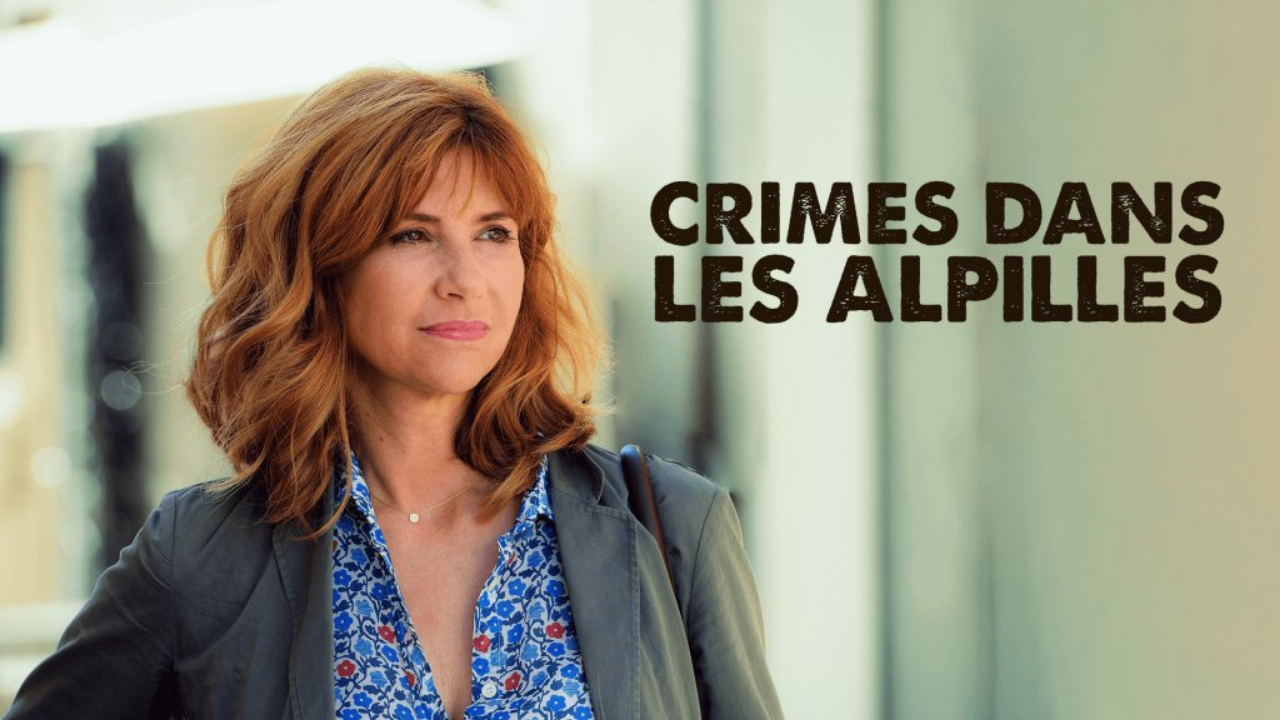 Crime dans les Alpilles sur France 3 : les secrets du succès des téléfilms avec Florence Pernel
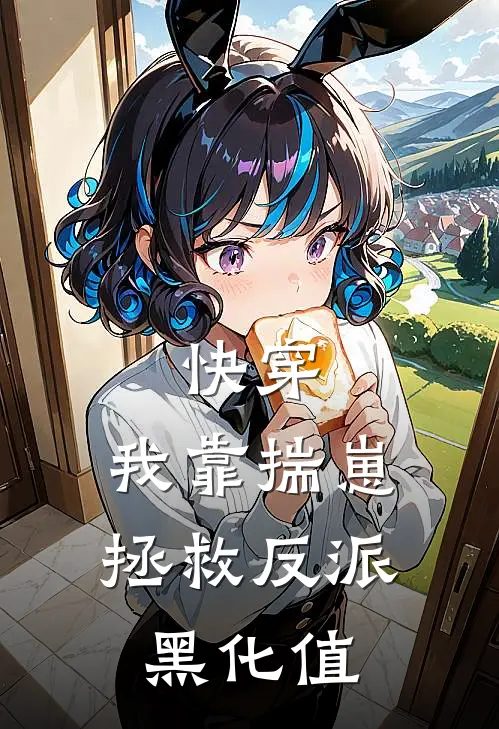 快穿：我靠揣崽拯救反派黑化值
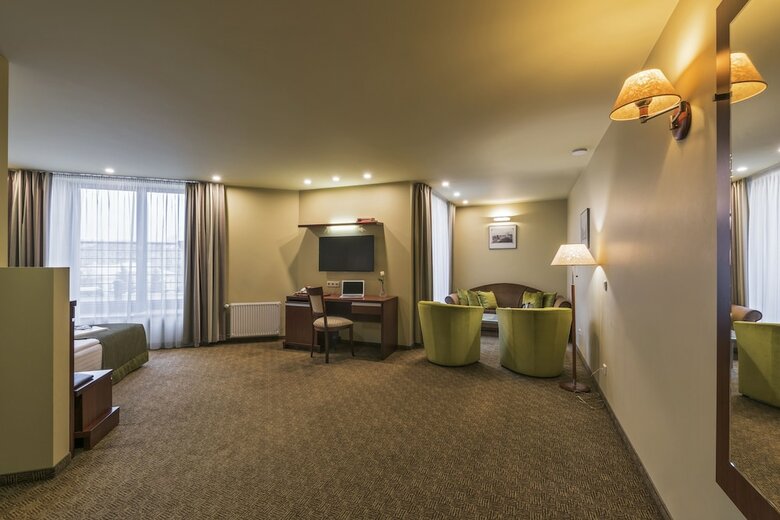 Hotel Congress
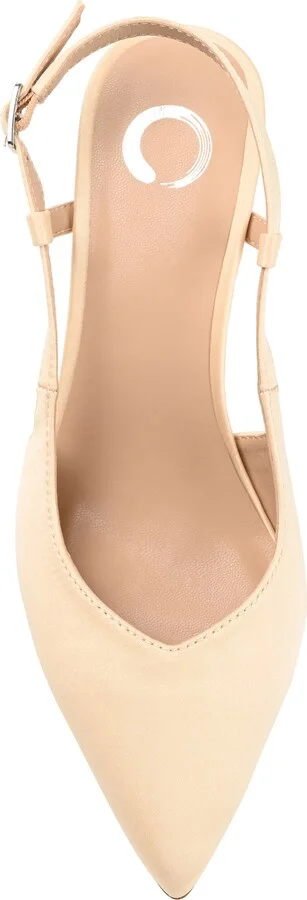 Knightly Pointed Toe Slingback Pump - Image 4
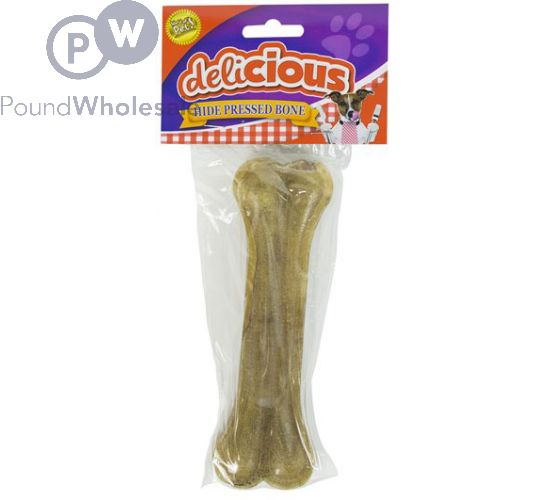 Pressed rawhide best sale bones bulk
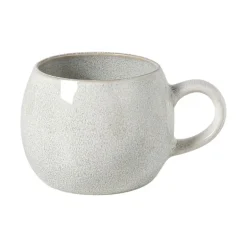 Mok bol groot - wit - 480 ml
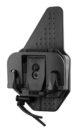 Holster universel Inside VEGA BUNGY pour pistolet compact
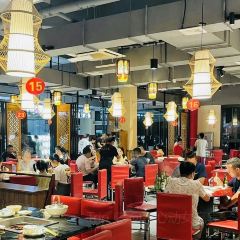 董家老码头鱼火锅(首创总店) User Photo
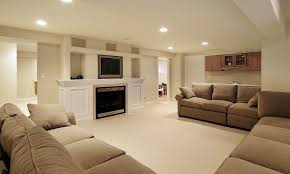 He painted all day (idea) mind: Basement Paint Colors For Soothing Purpose Amaza Design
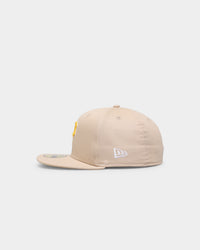 New Era Pittsburg Pirates 1979 'Tumbleweed World Series' 59FIFTY Fitted Tumbleweed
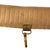 Original U.S. Indian Wars M1885 Prairie Belt with Hook by Rock Island Arsenal for Springfield Trapdoor .45-70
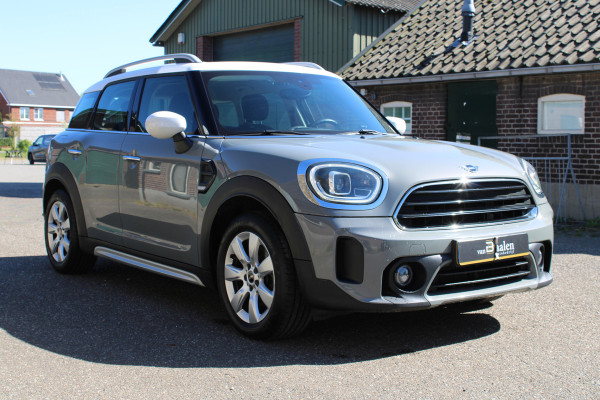 MINI Countryman 1.5 Cooper Edition NAVI ECC LED AUTOM 142000KM!!!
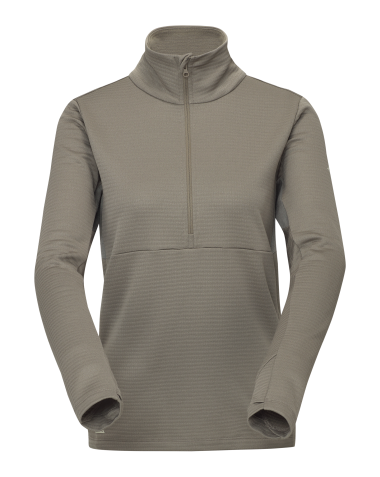 R4 Merino Waffle Pull W ash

====================

# Exercise goal
Your answer should hold every record above, printed exactly and free of pictures.

# Task output
 Crime dans les Alpilles sur France 3 : les secrets du succès des téléfilms avec Florence Pernel
 快穿：我靠揣崽拯救反派黑化值
 Hotel Congress
 Knightly Pointed Toe Slingback Pump - Image 4
 Pressed rawhide best sale bones bulk
 Mok bol groot - wit - 480 ml
 Holster universel Inside VEGA BUNGY pour pistolet compact
 董家老码头鱼火锅(首创总店) User Photo
 He painted all day (idea) mind: Basement Paint Colors For Soothing Purpose Amaza Design
 New Era Pittsburg Pirates 1979 'Tumbleweed World Series' 59FIFTY Fitted Tumbleweed
 Original U.S. Indian Wars M1885 Prairie Belt with Hook by Rock Island Arsenal for Springfield Trapdoor .45-70
 MINI Countryman 1.5 Cooper Edition NAVI ECC LED AUTOM 142000KM!!!
 R4 Merino Waffle Pull W ash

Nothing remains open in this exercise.